%%
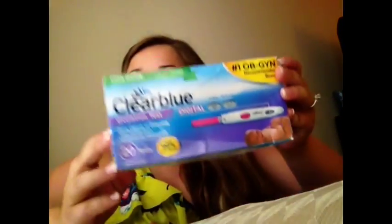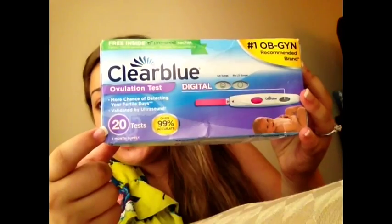On to OPKs. I recently purchased the Clearblue digital ones. I got 20 tests instead of your regular 7 or 14, which will work for someone with a normal short cycle. But someone with longer cycles who might ovulate later or all over the place — sometimes cycle day 18, other months maybe cycle day 26 — needs a lot of OPKs to be prepared for that.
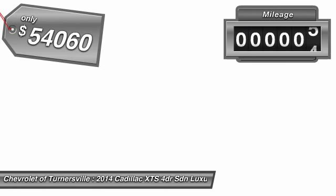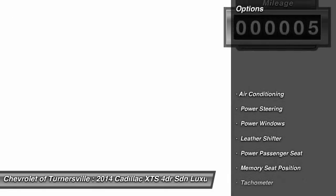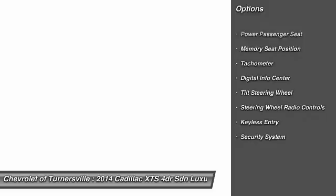This vehicle has less than 100 miles. Here are some of this vehicle's great options: power passenger seat, traction control, power steering, front air conditioning, keyless entry, aluminum wheels, power windows, security system, CD player, and tachometer.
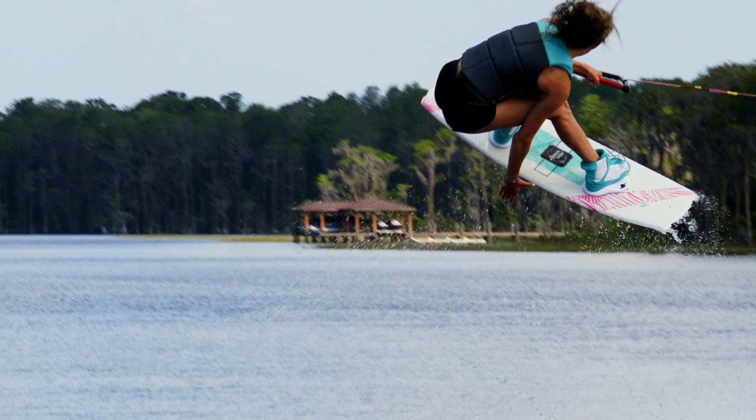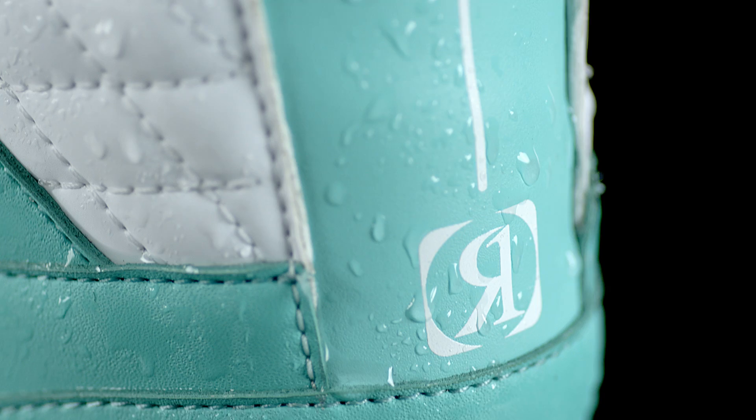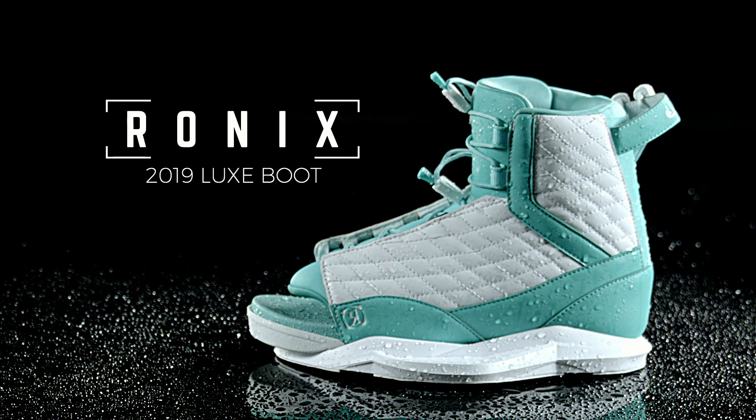The Luxe is the top-of-the-line universal boot with a price that's easy on the pocketbook. Support you would expect from a high-end boot and ease of entry that will have you finishing that last-minute text while you slip into these cloud machines.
%%
● ABOUT THIS EXERCISE:
Every picture stays out; reproduce exactly the lines from the one with "This vehicle has" through the last line of the data above.

● WRITTEN REPLY:
This vehicle has less than 100 miles. Here are some of this vehicle's great options: power passenger seat, traction control, power steering, front air conditioning, keyless entry, aluminum wheels, power windows, security system, CD player, and tachometer.
The Luxe is the top-of-the-line universal boot with a price that's easy on the pocketbook. Support you would expect from a high-end boot and ease of entry that will have you finishing that last-minute text while you slip into these cloud machines.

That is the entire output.